Change in Banking Oversight
According to latest reports, the Fed has removed 'reputational risk' from its supervisory exams, telling banks not to fear serving crypto firms. Speaking at the Wyoming Blockchain Symposium, Vice Chair for Supervision Michelle Bowman stated that the Fed will fully embrace blockchain innovation and update its policies to provide the crypto sector a clear path forward.
Four Principles of New Approach
Bowman outlined four principles guiding the Fed's new regulatory approach:
1. Regulatory certainty - eliminating standards that deter banks from working with crypto. 2. Tailored regulation - evaluating each use case on its merits rather than defaulting to worst-case assumptions. 3. Consumer protection - reaffirming rules against unfair or deceptive practices while applying anti-money laundering laws to crypto-linked products. 4. American competitiveness - ensuring that failing to shape technology could allow it to bypass banks and erode the financial system's relevance.
Impact on Crypto Industry
By removing reputational risk, the Fed indicates that crypto is not inherently negative. Under the new guidance, examiners will only assess clear financial risks like liquidity and legal risks.

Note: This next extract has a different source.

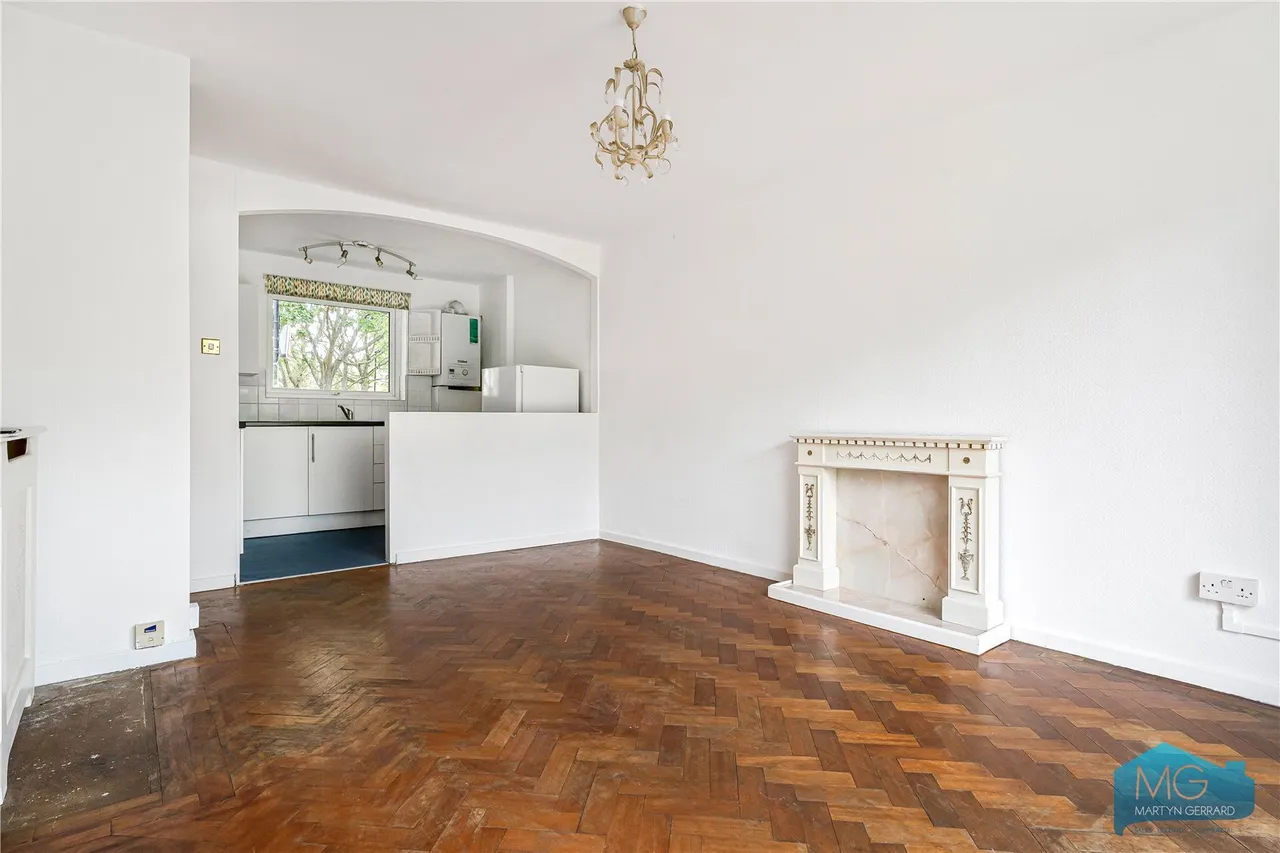 1 bed flat for sale, Richmond Road, Stamford Hill, N15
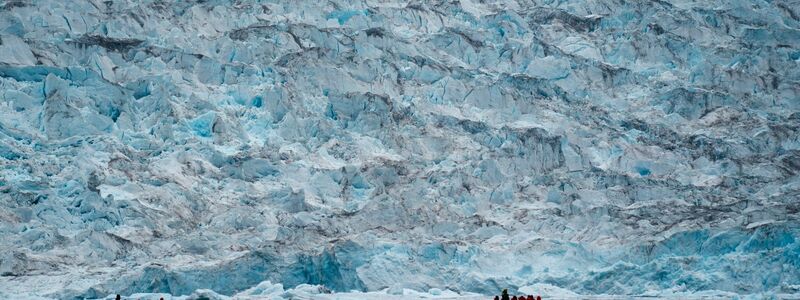 Ewiges Eis im Scoresby Sund? Die Gletscher Grönlands schmelzen einer Studie zufolge mit erhöhtem Tempo. - Foto: Chris Szagola/AP/dpa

This aligns with the actions of other regulatory bodies which have also stepped back from reputational yardsticks that led to debanking. Senator Cynthia Lummis described this as a turning point for digital assets.
The Federal Reserve has made a decisive move towards facilitating open collaboration between banks and the crypto industry. Removing reputational risk and integrating crypto oversight into standard banking regulation could have a positive impact on the entire economy.